Egan has published short fiction in the New Yorker, Harper's, Zoetrope: All-Story, and Ploughshares, among other periodicals, and her journalism appears frequently in the New York Times Magazine. Her first novel, The Invisible Circus, was released in 1995 and adapted into a film of the same name released in 2001. She has published one short story collection and six novels, among which Look at Me was a finalist for the National Book Award in 2001.

Egan has been hesitant to classify A Visit from the Goon Squad as either a novel or a short story collection, saying, "I wanted to avoid centrality. I wanted polyphony. I wanted a lateral feeling, not a forward feeling. My ground rules were: every piece has to be very different, from a different point of view. I actually tried to break that rule later; if you make a rule then you also should break it!" The book features genre-bending content such as a chapter entirely formatted as a Microsoft PowerPoint presentation. Of her inspiration and approach to the work, she said, "I don't experience time as linear. I experience it in layers that seem to coexist... One thing that facilitates that kind of time travel is music, which is why I think music ended up being such an important part of the book. Also, I was reading Proust. He tries, very successfully in some ways, to capture the sense of time passing, the quality of consciousness, and the ways to get around linearity, which is the weird scourge of writing prose."

Awards
Egan received a Thouron Award in 1986, was the recipient of a National Endowment for the Arts Fellowship, and a Guggenheim Fellowship in 1996. In 2002 she wrote a cover story on homeless children that received the Carroll Kowal Journalism Award. She was a fellow at the Dorothy and Lewis B. Cullman Center for Scholars and Writers at the New York Public Library in 2004–2005. Her 2008 story on bipolar children won an Outstanding Media Award from the National Alliance on Mental Illness. In 2011 she was a finalist for the PEN/Faulkner Award for Fiction. That same year she won the National Book Critics Circle Award (Fiction), the Los Angeles Times Book Prize, and Pulitzer Prize for A Visit from the Goon Squad.

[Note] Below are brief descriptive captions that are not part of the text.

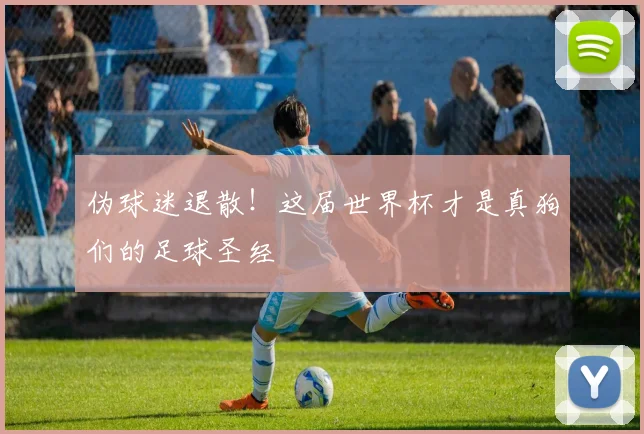 伪球迷退散!这届世界杯才是真狗们的足球圣经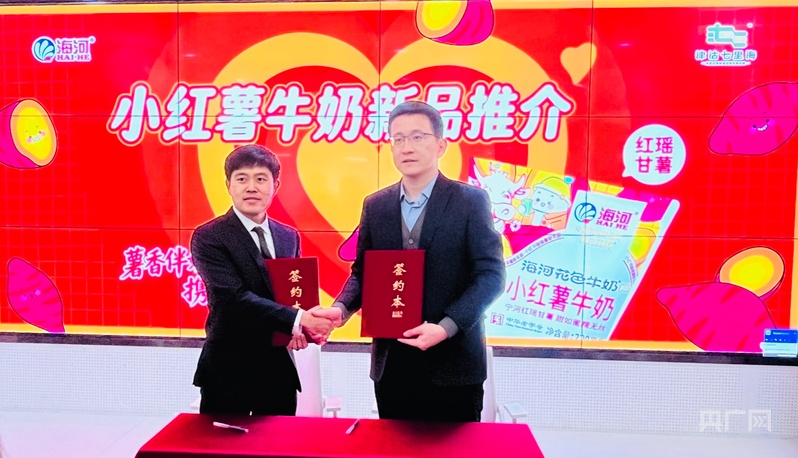 九游娱乐：“小红薯”牛奶亮相宁河红瑶甘薯牵手海河乳品解锁新味道(图2)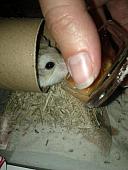 sonstiges hamster5 img0497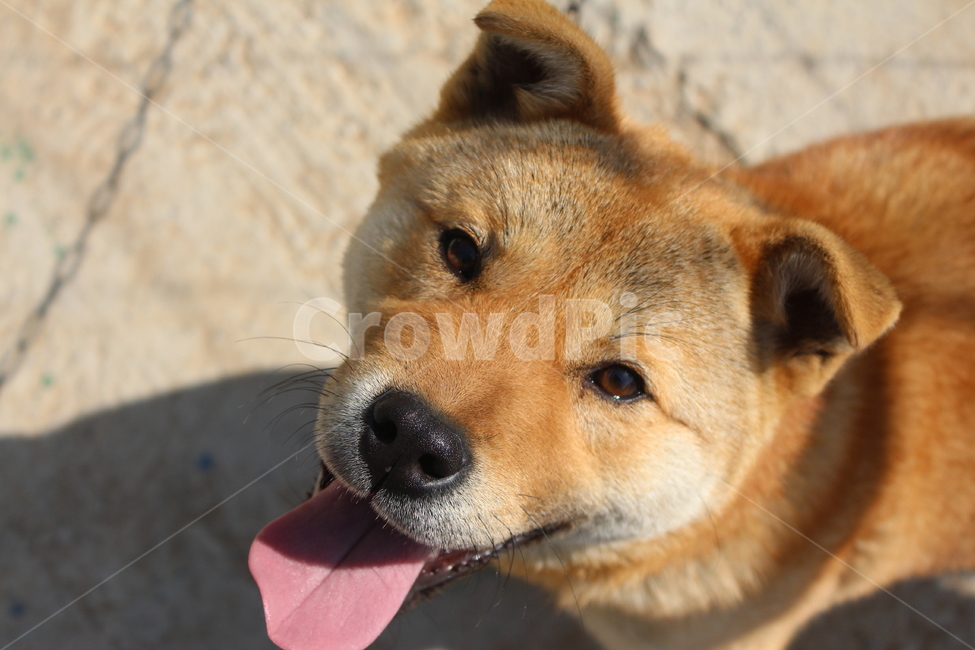 강아지,진돗개,성장중,강아지시선,시골강아지,동물,animal,포유류,mammal,개,강아지,dog,doggy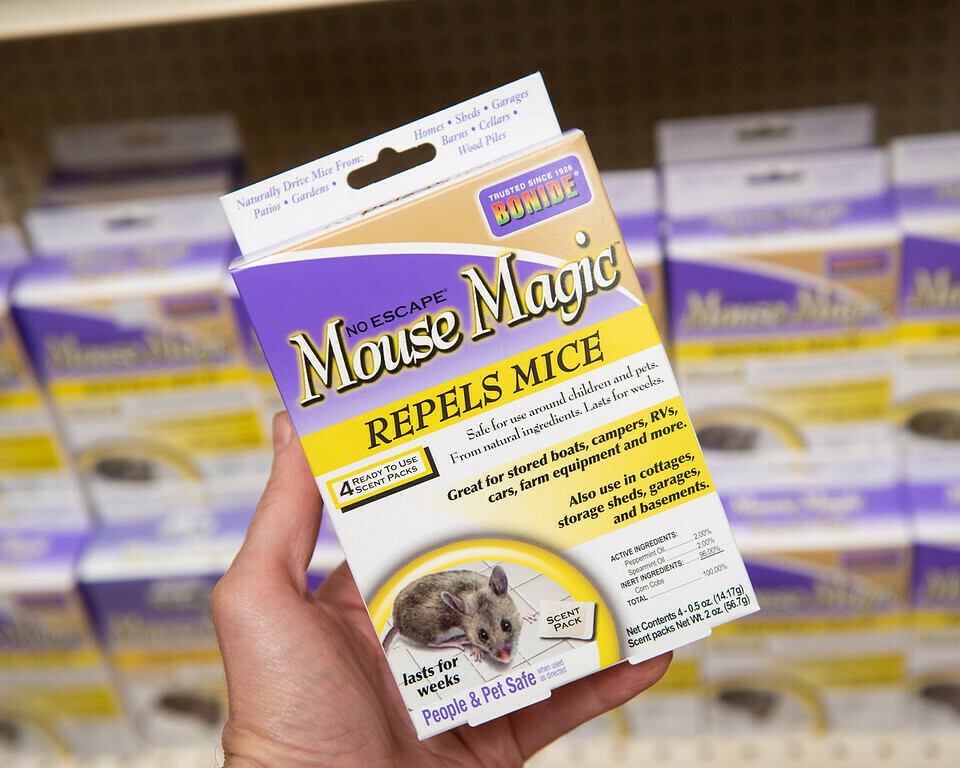 Mouse Magic Mouse Magic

Egan won the 2018 Andrew Carnegie Medal for Manhattan Beach. The novel was also longlisted for the 2017 National Book Award.

Reception

Academic literary critics have examined Egan's work in a variety of contexts. David Cowart has read Egan's project in A Visit from the Goon Squad as indebted to modernist writing but as possessing a closer affinity to postmodernism, in which "she meets the parental postmoderns on their own ground; by the same token, she venerates the grandparental moderns even as she places their mythography under erasure and dismantles their supreme fictions,"  an aspect also touched upon by Adam Kelly. Baoyu Nie has focused, alternatively, on the ways in which "Egan draws the reader into the addressee role" through the use of second-person narrative technique in her Twitter fiction. Finally, Martin Paul Eve has argued that the university itself is given "quantifiably more space within Egan's work than would be merited under strict societal mimesis", leading him to classify Egan's novels within the history of metafiction.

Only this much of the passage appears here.